U.S. state pension funds face $1 trillion shortfall
February 19, 2010
A new report warns that U.S. states currently face a total shortfall of at least $1 trillion in their funds for employees’ pensions and retirement benefits. And the problem is rapidly worsening. [Reuters]
The New York-based Pew Center released the report, which focuses on fiscal year 2008, on Thursday.
Illinois is in the worst shape, with only 54 percent of its pension obligations funded. Analysts warned that the study was conducted before the recent economic downturn, further devastating the financial portfolios of several states.
“The funding gap will likely increase when the more than 25 percent loss states took in calendar year 2008 is factored in,” the report said.
A pension fund is considered healthy if it has a funding level equal to at least 80 percent of its liability. In fiscal 2008, 21 states were below that mark. The rate of decline has been rapid, according to the Pew report. In fiscal 2000, fully half of the 50 states had fully funded their pension systems.

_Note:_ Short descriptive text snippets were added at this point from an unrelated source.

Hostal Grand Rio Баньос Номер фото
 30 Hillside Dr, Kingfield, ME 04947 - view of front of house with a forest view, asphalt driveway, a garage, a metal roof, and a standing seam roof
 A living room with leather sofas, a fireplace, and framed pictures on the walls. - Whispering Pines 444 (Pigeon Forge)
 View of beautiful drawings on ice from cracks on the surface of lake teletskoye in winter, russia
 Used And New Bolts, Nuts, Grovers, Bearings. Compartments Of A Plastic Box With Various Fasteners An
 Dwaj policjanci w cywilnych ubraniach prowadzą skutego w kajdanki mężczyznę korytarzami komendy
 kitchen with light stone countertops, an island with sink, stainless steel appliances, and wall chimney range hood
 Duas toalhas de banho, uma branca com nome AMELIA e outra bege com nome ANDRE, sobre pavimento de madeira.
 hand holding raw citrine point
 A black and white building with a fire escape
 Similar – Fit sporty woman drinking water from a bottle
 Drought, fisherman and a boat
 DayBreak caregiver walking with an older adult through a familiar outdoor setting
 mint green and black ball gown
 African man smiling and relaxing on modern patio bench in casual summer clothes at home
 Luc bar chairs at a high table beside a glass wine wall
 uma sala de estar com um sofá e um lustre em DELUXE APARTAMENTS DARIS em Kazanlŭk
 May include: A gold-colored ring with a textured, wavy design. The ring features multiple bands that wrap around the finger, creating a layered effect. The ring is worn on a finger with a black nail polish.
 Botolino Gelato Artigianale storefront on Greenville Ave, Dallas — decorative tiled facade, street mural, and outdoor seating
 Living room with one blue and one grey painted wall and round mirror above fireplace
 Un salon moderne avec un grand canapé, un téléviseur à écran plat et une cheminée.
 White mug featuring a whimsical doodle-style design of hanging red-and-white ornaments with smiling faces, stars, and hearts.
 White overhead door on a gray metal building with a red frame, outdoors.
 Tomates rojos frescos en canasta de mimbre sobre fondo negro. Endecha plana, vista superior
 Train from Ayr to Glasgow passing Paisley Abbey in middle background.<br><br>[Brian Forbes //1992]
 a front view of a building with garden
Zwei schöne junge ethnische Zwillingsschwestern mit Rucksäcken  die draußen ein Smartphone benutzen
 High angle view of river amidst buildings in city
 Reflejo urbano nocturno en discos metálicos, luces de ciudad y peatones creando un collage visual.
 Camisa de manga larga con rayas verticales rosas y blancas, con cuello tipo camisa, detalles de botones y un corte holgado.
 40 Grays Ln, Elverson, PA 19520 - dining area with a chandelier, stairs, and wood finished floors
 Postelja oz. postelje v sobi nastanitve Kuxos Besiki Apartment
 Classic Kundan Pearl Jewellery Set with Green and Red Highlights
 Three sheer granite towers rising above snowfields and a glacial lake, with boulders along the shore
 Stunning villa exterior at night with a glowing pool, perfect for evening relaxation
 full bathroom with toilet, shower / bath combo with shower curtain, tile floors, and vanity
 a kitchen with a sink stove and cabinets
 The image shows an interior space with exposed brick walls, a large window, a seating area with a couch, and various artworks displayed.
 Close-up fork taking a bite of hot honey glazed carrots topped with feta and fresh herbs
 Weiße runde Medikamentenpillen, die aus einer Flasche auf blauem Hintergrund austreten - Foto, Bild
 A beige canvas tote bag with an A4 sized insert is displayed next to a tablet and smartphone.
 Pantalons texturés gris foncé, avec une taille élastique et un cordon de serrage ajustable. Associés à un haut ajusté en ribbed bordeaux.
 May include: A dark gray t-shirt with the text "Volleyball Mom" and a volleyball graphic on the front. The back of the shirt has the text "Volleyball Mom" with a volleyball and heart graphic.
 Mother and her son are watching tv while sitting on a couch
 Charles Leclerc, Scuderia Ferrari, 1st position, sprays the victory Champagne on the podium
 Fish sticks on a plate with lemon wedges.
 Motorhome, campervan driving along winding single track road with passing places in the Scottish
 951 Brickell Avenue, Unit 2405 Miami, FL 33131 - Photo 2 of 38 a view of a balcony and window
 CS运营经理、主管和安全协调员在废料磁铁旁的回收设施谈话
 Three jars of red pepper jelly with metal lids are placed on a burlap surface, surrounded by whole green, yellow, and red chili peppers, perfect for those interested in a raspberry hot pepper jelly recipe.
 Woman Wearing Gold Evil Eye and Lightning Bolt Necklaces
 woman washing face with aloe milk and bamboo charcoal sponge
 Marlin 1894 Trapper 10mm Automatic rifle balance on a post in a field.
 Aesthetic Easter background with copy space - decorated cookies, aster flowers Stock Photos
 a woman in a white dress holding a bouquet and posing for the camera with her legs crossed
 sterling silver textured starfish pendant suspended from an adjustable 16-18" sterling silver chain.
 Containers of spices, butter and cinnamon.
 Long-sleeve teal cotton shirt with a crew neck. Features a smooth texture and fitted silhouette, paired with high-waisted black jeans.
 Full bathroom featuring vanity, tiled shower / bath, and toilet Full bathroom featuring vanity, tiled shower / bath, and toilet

However, by 2008, only New York, Wisconsin, Washington, and Florida could cover those costs.
Alaska and Arizona are the only states that have more than 50 percent of the assets needed to pay for other post-employment benefits, such as health care.
California, in particular, has more than $22 billion in unfunded liabilities in the California State Teachers’ Retirement System. However, the Pew study says that the California Public Employees’ Retirement System remains “in relatively good shape.”
Suggestions for solving the problem by Sacramento include raising the retirement age and eliminating automatic cost-of-living expenses.